A word-for-word copy of the entries is needed, and it should contain no images.
___ The records ___
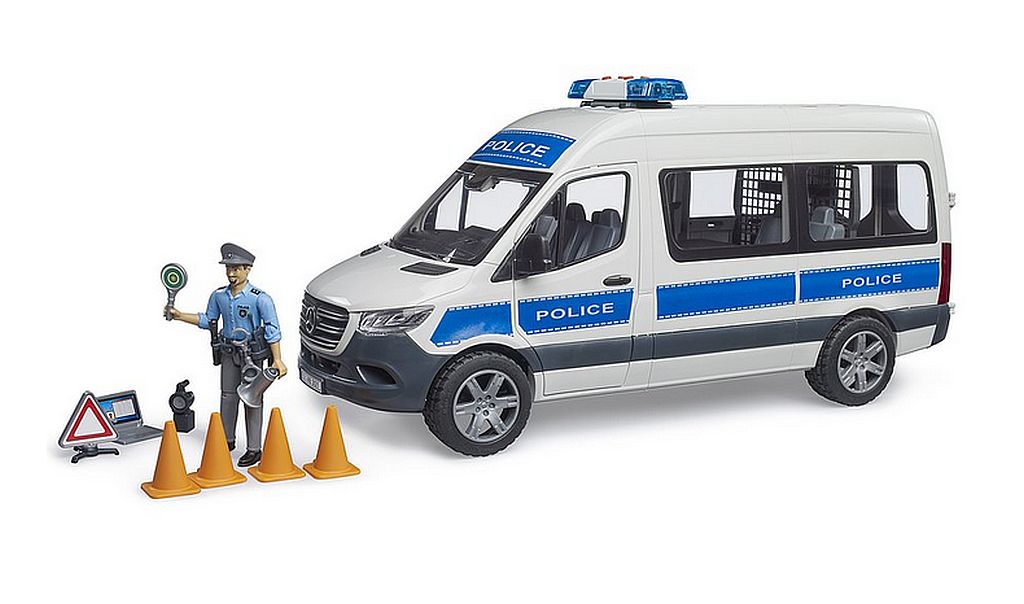 Bruder 02683 Policejní MB Sprinter s policistou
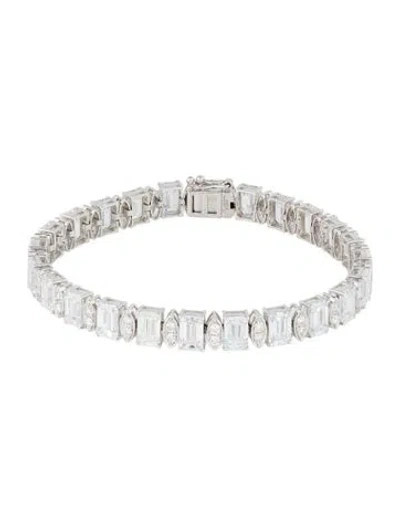 Pre-owned Bracelet 14k 17.32ctw Lab-grown Diamond Tennis , 6.5" In Multi
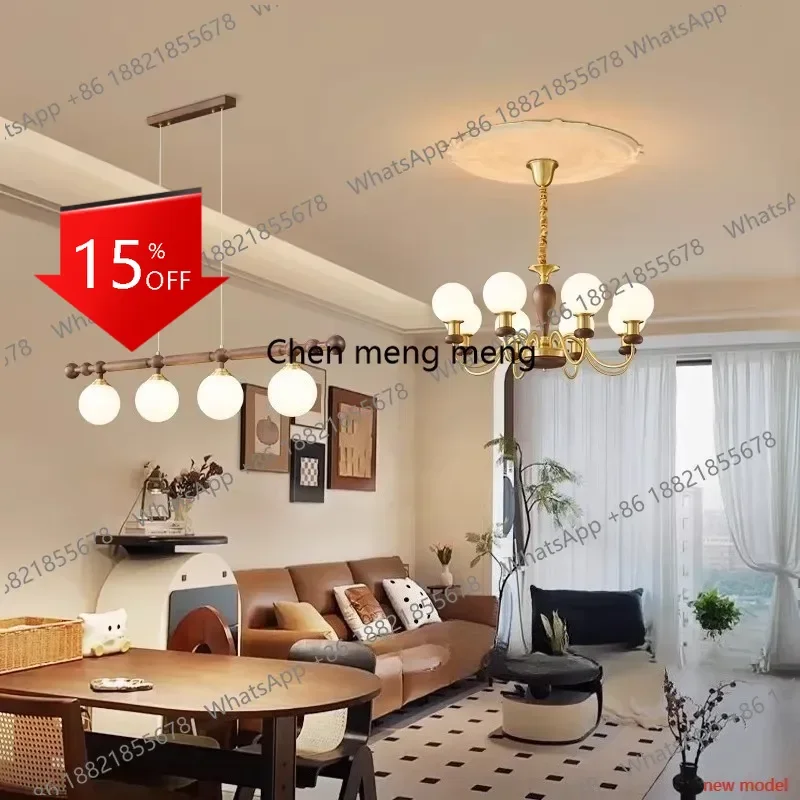 Asmt49All Copper American Middle French Vintage Living Room Pendant Light New Chinese Bedroom Light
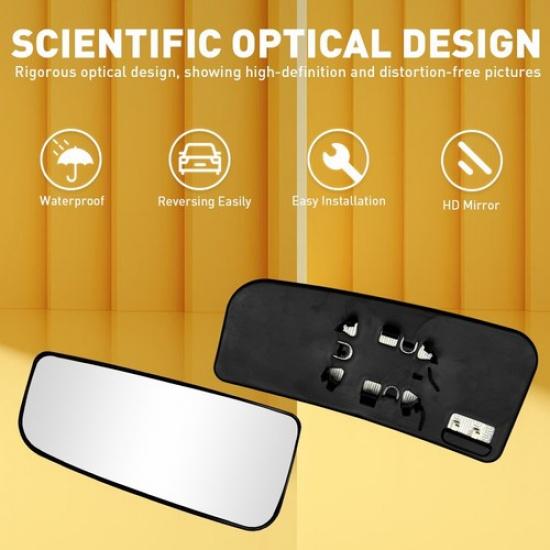 For 2015- F150 F250 F350 F450 Tow Mirror Glass Lower Heated Driver Side EOA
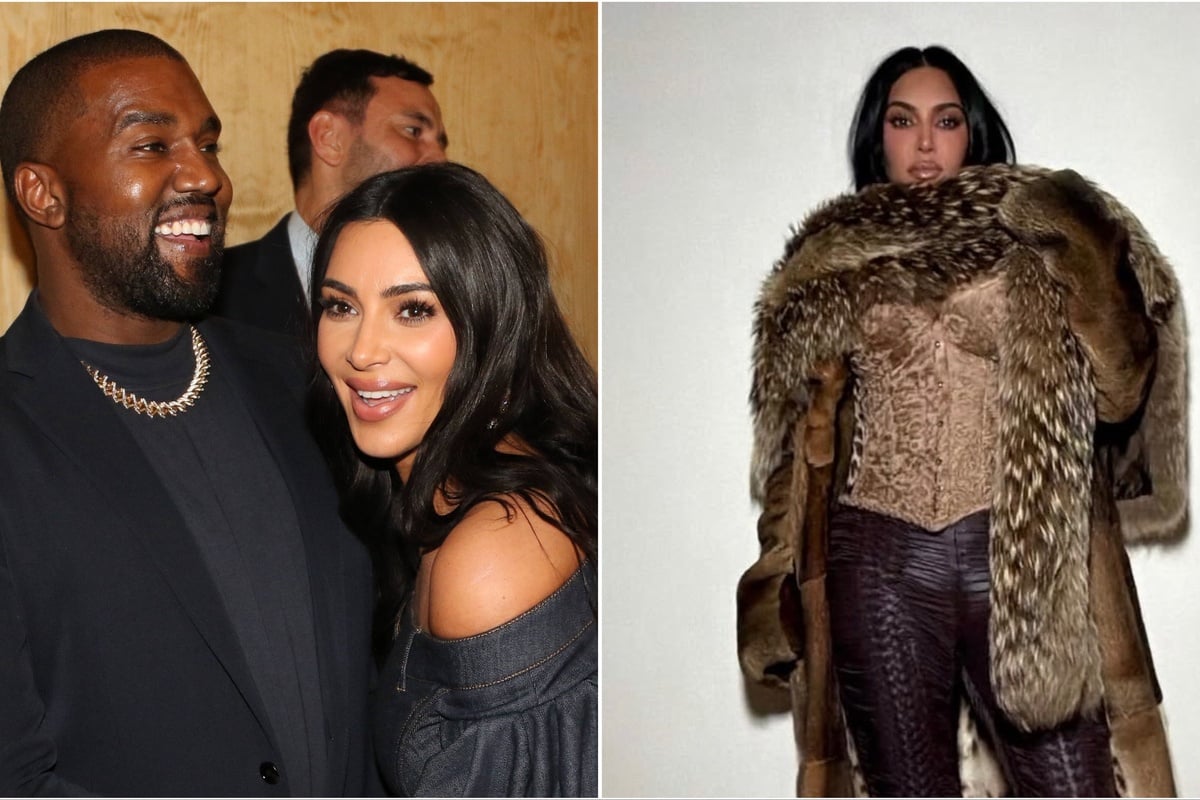 Kim Kardashian gives Kanye West a coy shoutout after Christmas reunion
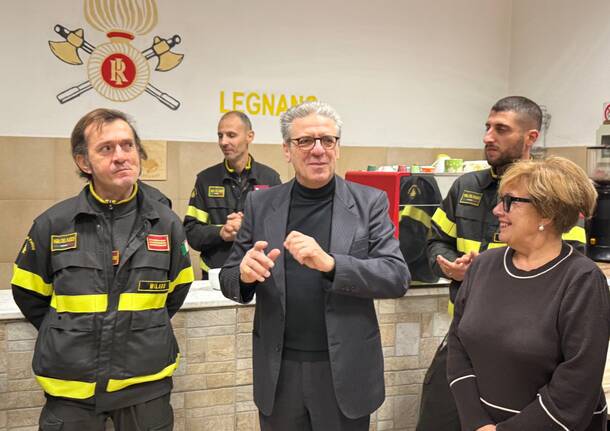 Vigili del Fuoco di Legnano in festa per Santa Barbara 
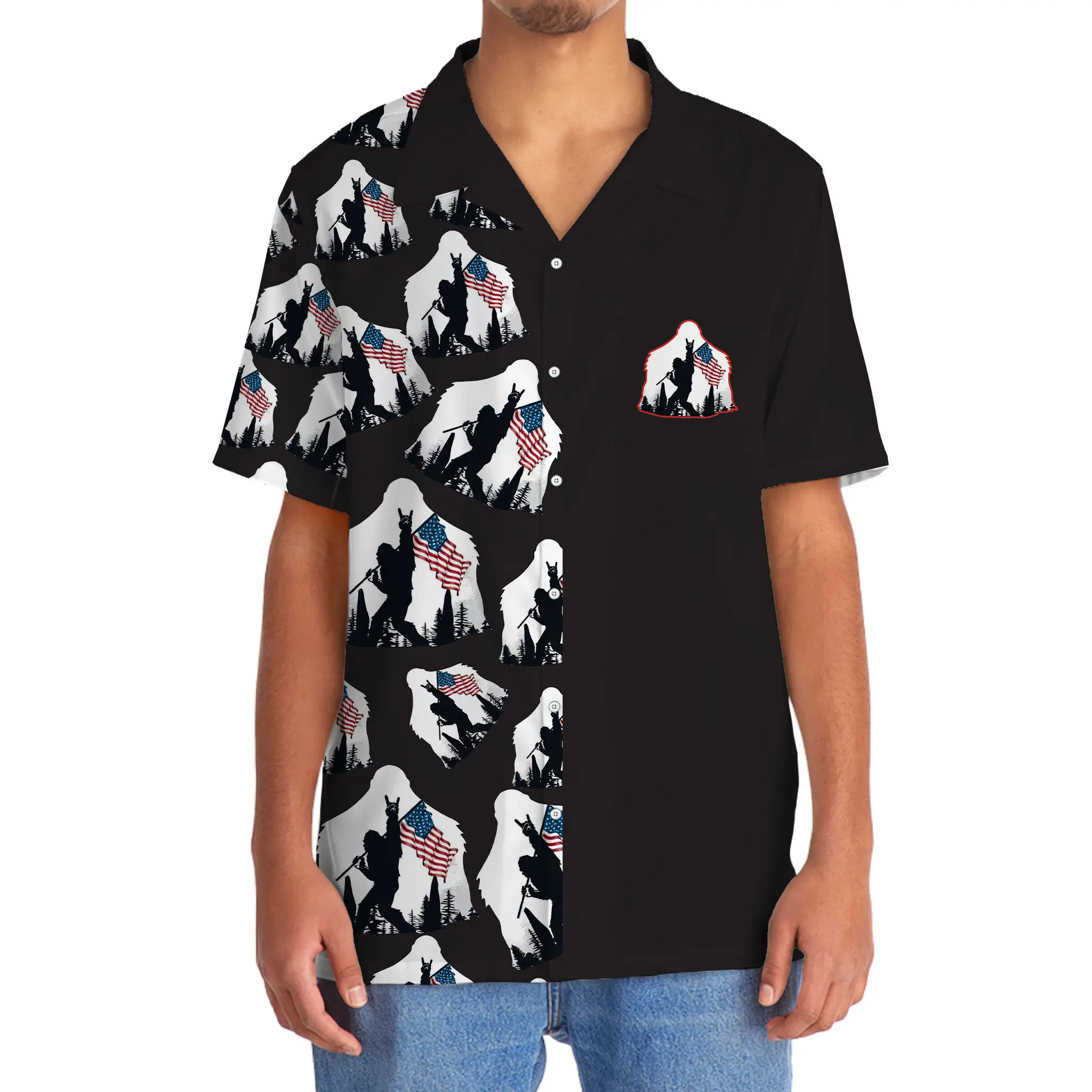 people-doubt-my-existence-bigfoot-hawaiian-shirt-2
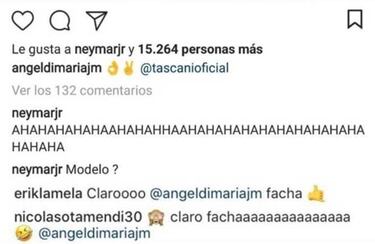 Di María desata las burlas de sus compañeros al posar como modelo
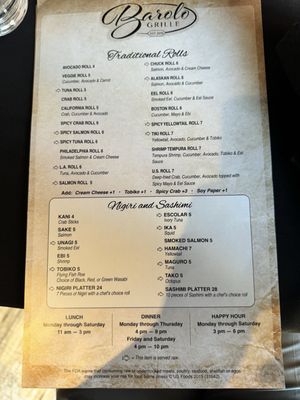 Menu photo 2 Barolo Grille Salina, KS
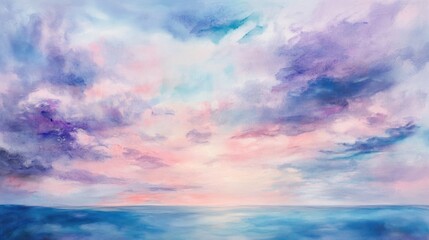 Obraz premium Pastel seascape painting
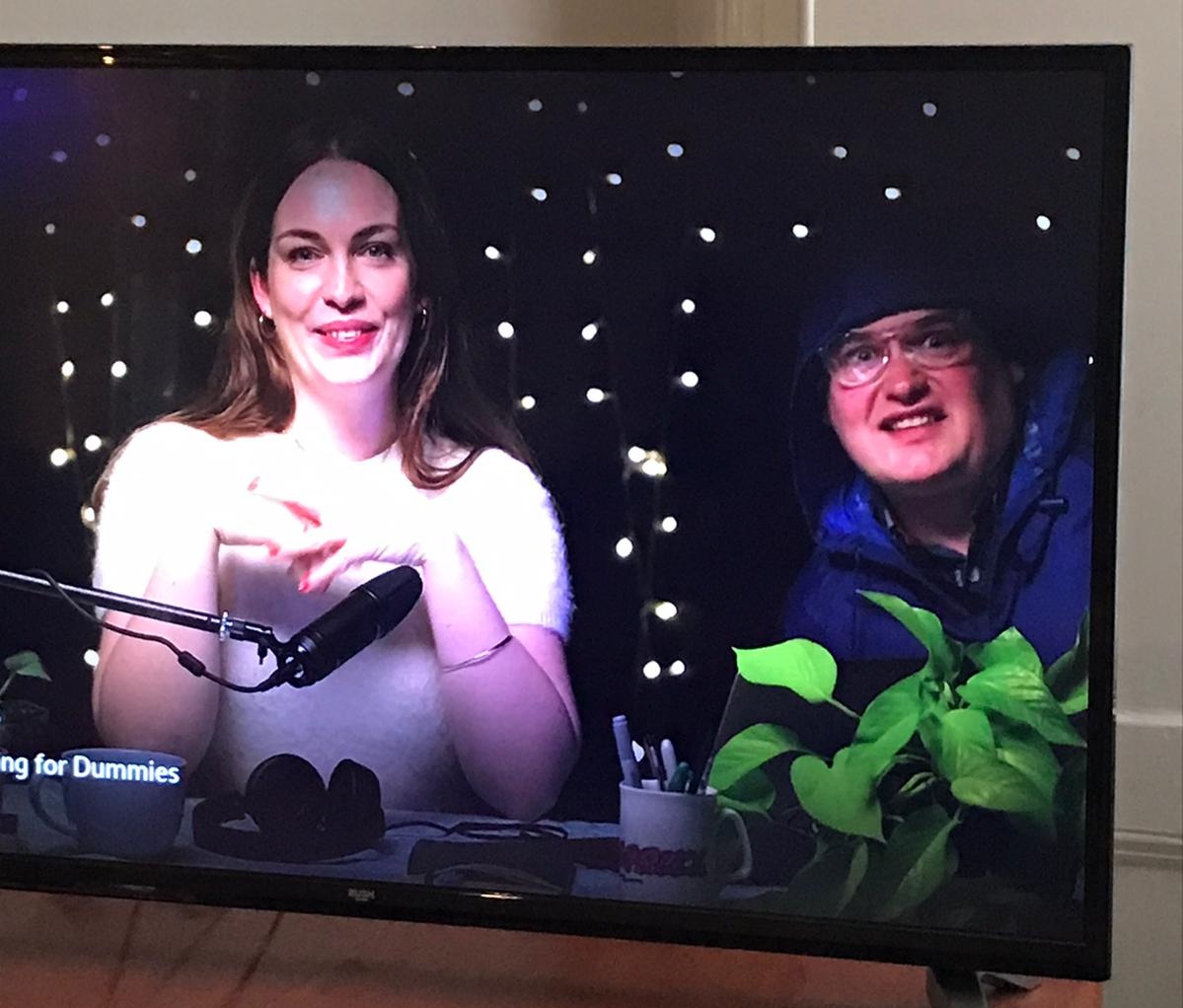 JackRobertson27's tweet photo. And perhaps the part I was born to play... Creepy Brian! Watch Podcasting For Dummies @BBCiPlayer @bbcthree #LaughLessons By @beth_rylance check it out asap #sketch https://t.co/15DLMDvBTY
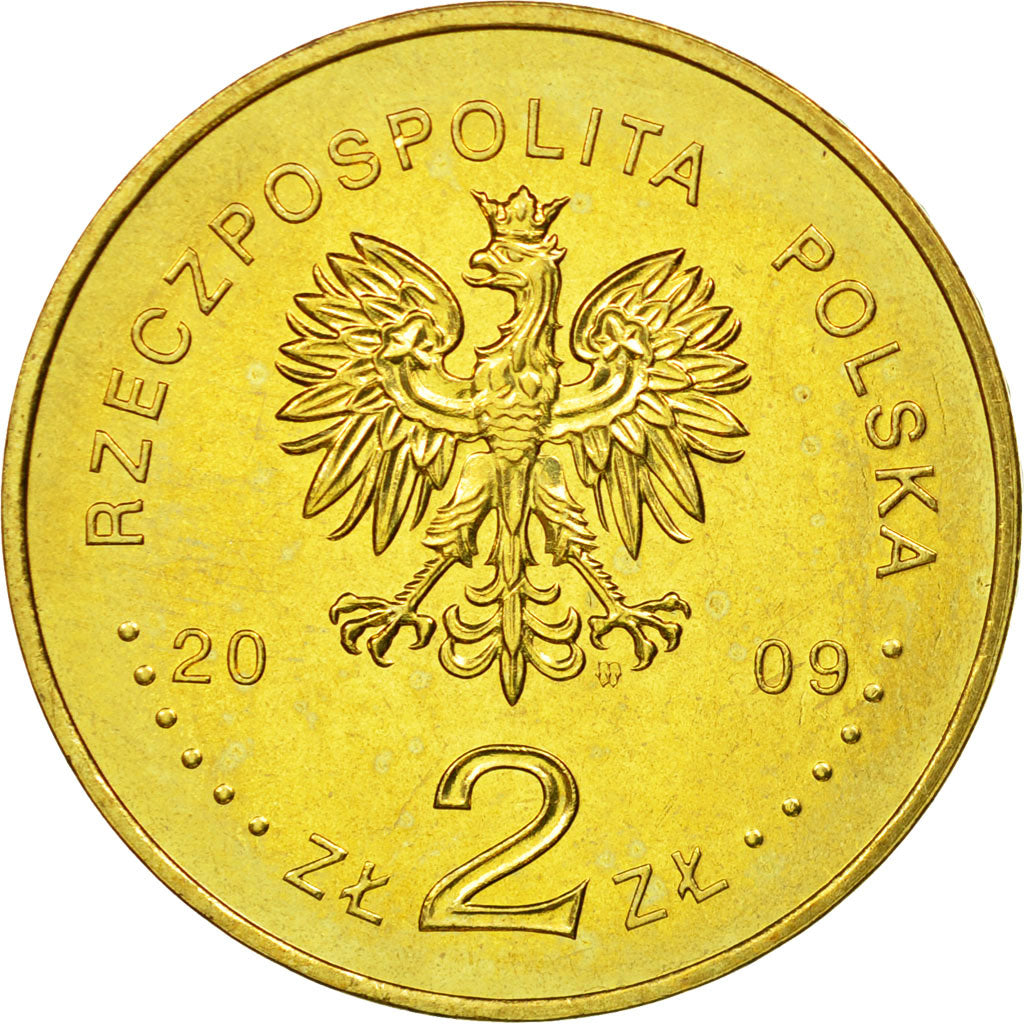 Moneta, Polonia, 2 Zlote, 2009, Warsaw, BB, Ottone, KM:707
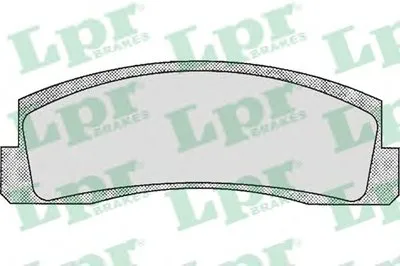 Комплект тормозных колодок, дисковый тормоз LPR купить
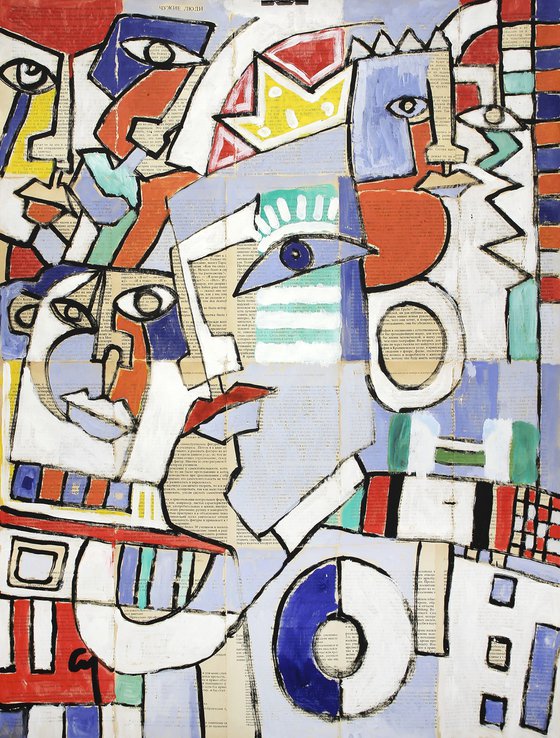Abstract faces 01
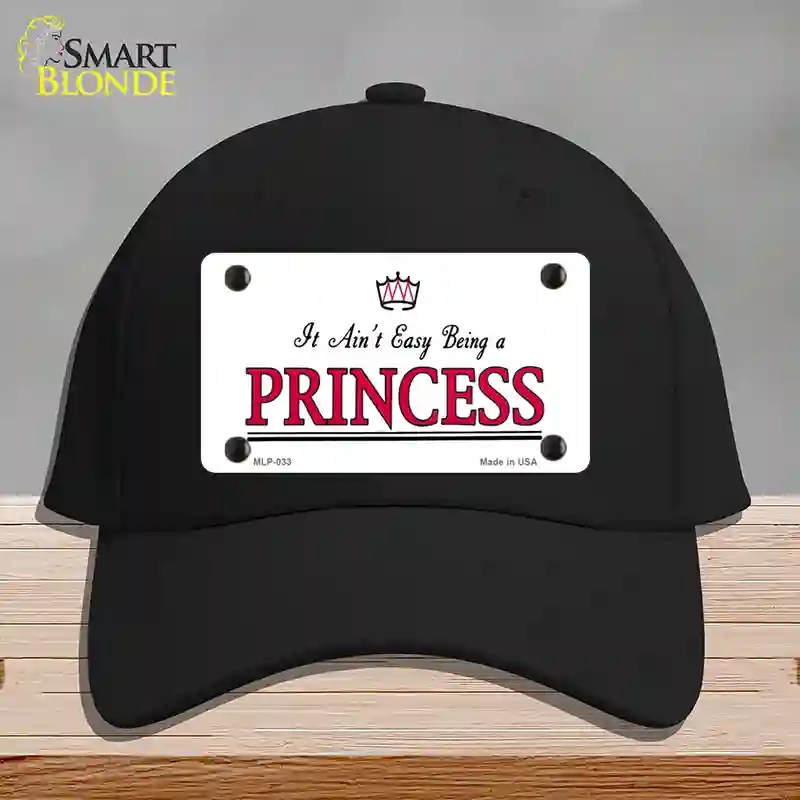 HAT03-MLP-033 Easy Being a Princess Novelty License Plate Hat, Cotton - Black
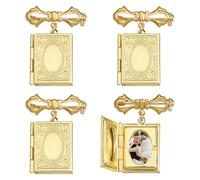 CHGCRAFT 2 Pz Nontiscordardimé Spilla da bavero Lega smalto spilla Set Cappotto camicia abito collare accessori per zaino abbigliamento distintivi, Blu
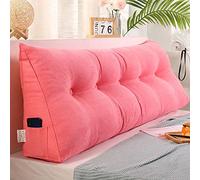 Grande cuscino di sostegno per letto testiera divano cuscino triangolare, cuscino lombare extra large con rivestimento rimovibile in velluto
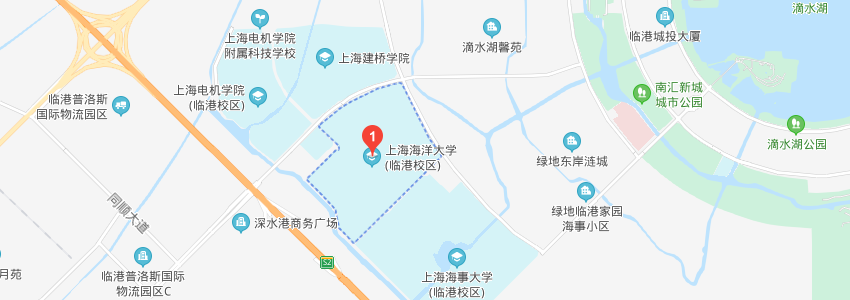 上海海洋大学学校地图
___
> _Exercise solution_:
 Bruder 02683 Policejní MB Sprinter s policistou
 Pre-owned Bracelet 14k 17.32ctw Lab-grown Diamond Tennis , 6.5" In Multi
 Asmt49All Copper American Middle French Vintage Living Room Pendant Light New Chinese Bedroom Light
 For 2015- F150 F250 F350 F450 Tow Mirror Glass Lower Heated Driver Side EOA
 Kim Kardashian gives Kanye West a coy shoutout after Christmas reunion
 Vigili del Fuoco di Legnano in festa per Santa Barbara 
 people-doubt-my-existence-bigfoot-hawaiian-shirt-2
 Di María desata las burlas de sus compañeros al posar como modelo
 Menu photo 2 Barolo Grille Salina, KS
 Obraz premium Pastel seascape painting
 JackRobertson27's tweet photo. And perhaps the part I was born to play... Creepy Brian! Watch Podcasting For Dummies @BBCiPlayer @bbcthree #LaughLessons By @beth_rylance check it out asap #sketch https://t.co/15DLMDvBTY
 Moneta, Polonia, 2 Zlote, 2009, Warsaw, BB, Ottone, KM:707
 Комплект тормозных колодок, дисковый тормоз LPR купить
Abstract faces 01
 HAT03-MLP-033 Easy Being a Princess Novelty License Plate Hat, Cotton - Black
 CHGCRAFT 2 Pz Nontiscordardimé Spilla da bavero Lega smalto spilla Set Cappotto camicia abito collare accessori per zaino abbigliamento distintivi, Blu
 Grande cuscino di sostegno per letto testiera divano cuscino triangolare, cuscino lombare extra large con rivestimento rimovibile in velluto
 上海海洋大学学校地图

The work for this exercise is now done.